* _Task goal_:
Show all lines of the listing that hold the word "bottle".
☆ ☆ ☆ ☆
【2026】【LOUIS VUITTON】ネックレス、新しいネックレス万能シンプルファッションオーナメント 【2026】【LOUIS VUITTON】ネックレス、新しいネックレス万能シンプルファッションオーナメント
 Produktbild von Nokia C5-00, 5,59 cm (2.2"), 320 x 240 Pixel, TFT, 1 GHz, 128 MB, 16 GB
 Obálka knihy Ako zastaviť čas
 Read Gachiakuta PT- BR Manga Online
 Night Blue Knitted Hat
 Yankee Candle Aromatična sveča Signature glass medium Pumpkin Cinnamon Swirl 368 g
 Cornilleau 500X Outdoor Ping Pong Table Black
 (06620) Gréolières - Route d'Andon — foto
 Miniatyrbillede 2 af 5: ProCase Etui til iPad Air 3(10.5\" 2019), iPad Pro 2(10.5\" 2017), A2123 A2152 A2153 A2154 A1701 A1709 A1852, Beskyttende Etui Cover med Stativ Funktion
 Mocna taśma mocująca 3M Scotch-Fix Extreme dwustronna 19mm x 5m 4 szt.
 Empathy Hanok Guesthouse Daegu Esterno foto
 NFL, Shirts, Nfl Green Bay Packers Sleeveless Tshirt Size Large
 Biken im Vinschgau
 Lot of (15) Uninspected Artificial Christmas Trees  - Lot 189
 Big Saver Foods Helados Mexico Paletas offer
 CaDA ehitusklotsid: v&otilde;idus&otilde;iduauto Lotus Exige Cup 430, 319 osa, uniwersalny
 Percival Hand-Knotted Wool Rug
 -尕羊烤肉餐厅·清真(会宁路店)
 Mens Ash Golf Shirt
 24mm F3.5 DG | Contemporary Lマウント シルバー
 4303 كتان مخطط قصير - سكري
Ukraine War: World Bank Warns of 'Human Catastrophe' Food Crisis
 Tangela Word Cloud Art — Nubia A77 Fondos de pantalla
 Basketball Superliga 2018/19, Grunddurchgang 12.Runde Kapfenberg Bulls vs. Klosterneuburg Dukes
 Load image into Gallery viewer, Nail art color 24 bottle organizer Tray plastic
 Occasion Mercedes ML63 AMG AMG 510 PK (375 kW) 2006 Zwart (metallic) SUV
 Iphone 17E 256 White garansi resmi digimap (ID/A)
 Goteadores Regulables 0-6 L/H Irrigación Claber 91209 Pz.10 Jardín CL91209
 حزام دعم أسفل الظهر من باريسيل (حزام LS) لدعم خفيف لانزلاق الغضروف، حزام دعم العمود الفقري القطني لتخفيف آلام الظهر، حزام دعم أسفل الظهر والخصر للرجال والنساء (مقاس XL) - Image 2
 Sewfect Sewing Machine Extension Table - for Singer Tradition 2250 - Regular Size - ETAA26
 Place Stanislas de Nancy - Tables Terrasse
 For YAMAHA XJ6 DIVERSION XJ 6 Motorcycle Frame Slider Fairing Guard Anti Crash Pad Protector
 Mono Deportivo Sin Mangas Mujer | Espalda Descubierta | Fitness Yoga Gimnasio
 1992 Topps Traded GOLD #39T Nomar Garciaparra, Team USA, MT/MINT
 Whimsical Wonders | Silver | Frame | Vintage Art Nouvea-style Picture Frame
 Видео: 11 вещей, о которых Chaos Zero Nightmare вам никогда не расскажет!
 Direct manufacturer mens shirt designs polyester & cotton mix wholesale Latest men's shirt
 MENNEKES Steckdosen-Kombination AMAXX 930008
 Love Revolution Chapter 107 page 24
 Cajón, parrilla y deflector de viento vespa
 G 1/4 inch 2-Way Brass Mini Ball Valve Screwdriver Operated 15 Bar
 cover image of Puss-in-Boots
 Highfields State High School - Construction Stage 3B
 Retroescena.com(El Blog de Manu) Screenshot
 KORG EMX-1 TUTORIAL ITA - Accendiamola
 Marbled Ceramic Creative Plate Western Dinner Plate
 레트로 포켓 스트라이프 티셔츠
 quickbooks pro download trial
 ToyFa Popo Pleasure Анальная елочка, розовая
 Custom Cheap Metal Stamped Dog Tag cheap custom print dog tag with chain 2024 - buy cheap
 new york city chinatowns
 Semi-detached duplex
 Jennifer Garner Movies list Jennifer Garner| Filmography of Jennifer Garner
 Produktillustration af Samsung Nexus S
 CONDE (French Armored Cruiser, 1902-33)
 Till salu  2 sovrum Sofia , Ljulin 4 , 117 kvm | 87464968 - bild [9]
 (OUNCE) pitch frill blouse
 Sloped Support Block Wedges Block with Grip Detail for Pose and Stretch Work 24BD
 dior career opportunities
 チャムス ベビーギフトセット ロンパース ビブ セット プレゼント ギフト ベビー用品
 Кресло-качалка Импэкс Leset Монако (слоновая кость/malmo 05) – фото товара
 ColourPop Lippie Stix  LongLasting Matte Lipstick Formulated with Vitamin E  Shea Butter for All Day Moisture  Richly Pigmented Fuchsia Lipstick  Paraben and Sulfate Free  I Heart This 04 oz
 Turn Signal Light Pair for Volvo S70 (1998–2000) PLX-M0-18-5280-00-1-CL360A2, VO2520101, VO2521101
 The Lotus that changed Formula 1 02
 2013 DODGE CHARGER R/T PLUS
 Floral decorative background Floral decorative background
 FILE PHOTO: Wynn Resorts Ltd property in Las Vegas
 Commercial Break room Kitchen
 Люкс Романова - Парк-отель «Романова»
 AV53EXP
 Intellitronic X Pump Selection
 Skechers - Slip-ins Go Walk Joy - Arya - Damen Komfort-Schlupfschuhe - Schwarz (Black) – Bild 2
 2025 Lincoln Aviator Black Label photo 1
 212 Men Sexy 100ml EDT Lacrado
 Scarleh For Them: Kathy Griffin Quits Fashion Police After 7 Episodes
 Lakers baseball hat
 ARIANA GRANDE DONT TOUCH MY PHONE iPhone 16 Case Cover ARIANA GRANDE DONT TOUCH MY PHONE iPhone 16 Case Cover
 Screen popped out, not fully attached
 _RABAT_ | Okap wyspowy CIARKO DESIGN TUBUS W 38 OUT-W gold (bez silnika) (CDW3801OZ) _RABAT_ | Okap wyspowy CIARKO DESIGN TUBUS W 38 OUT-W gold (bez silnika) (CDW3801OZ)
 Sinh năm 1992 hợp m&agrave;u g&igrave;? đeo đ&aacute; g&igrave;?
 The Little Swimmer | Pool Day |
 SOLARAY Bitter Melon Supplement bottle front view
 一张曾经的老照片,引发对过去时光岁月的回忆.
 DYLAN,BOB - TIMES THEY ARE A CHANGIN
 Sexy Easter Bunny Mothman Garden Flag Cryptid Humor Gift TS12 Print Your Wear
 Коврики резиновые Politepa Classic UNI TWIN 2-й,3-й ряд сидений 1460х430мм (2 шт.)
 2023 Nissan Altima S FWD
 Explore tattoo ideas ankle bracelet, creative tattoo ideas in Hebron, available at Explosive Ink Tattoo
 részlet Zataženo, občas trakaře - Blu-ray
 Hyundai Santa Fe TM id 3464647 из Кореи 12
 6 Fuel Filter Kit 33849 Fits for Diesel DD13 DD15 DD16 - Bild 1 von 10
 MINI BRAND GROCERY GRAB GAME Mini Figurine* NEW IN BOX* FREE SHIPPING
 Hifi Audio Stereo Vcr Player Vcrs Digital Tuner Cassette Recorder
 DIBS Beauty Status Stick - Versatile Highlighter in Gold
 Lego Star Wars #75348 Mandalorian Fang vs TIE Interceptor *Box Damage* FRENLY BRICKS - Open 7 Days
☆ ☆ ☆ ☆
* _Finished exercise_:
 Load image into Gallery viewer, Nail art color 24 bottle organizer Tray plastic
 SOLARAY Bitter Melon Supplement bottle front view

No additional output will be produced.